:: Data provided ::
-- Opening Marker --

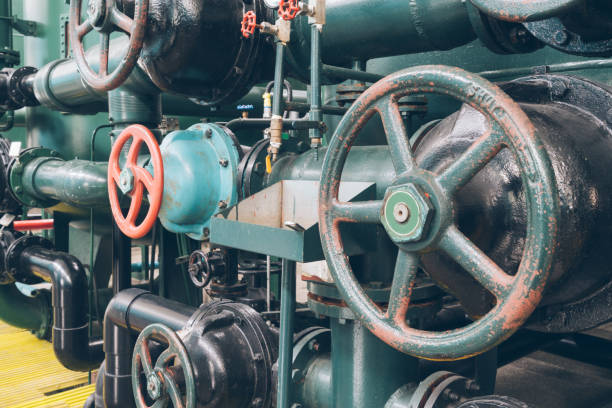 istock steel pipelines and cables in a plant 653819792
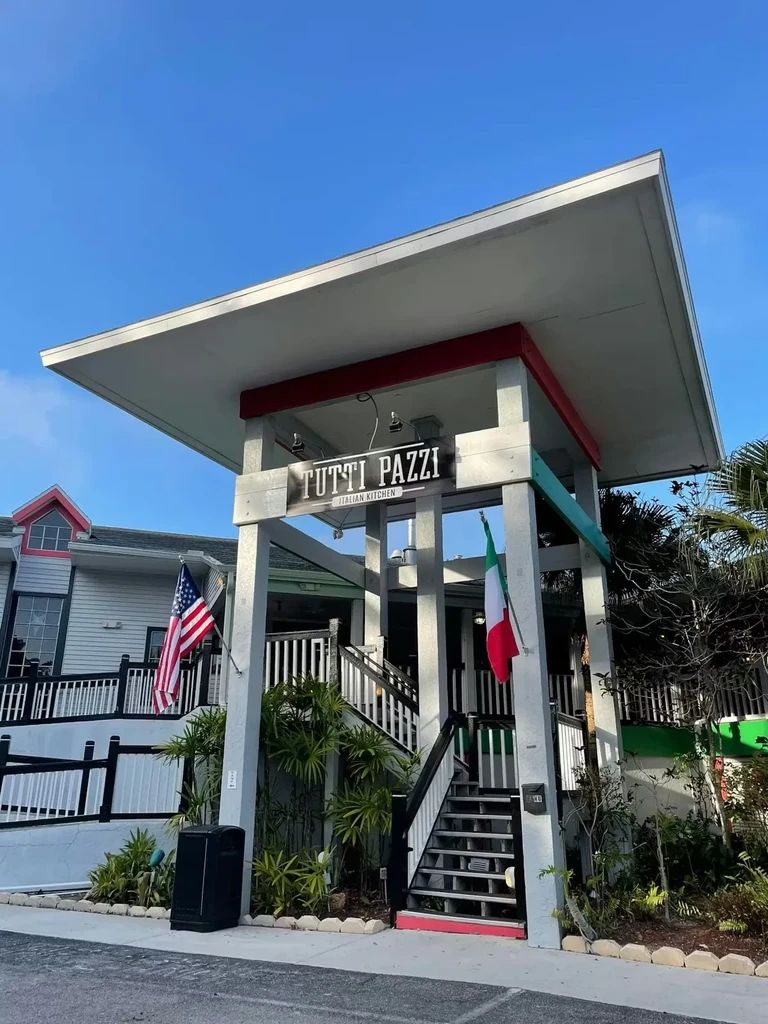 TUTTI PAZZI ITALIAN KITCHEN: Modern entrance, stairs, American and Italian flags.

-- Closing Marker --
-- Opening Marker --

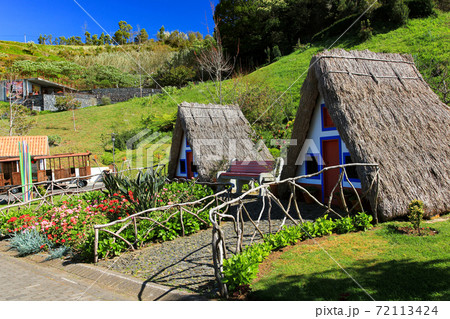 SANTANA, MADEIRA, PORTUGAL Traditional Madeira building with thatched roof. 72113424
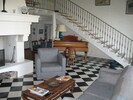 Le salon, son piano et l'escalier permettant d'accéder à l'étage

-- Closing Marker --

:: Task goal ::
Exercise for the records above: copy only the lines from the one with "SANTANA, MADEIRA, PORTUGAL" to the one with "Le salon, son", both ends kept, and drop the pictures.

:: Task solution ::
 SANTANA, MADEIRA, PORTUGAL Traditional Madeira building with thatched roof. 72113424
 Le salon, son piano et l'escalier permettant d'accéder à l'étage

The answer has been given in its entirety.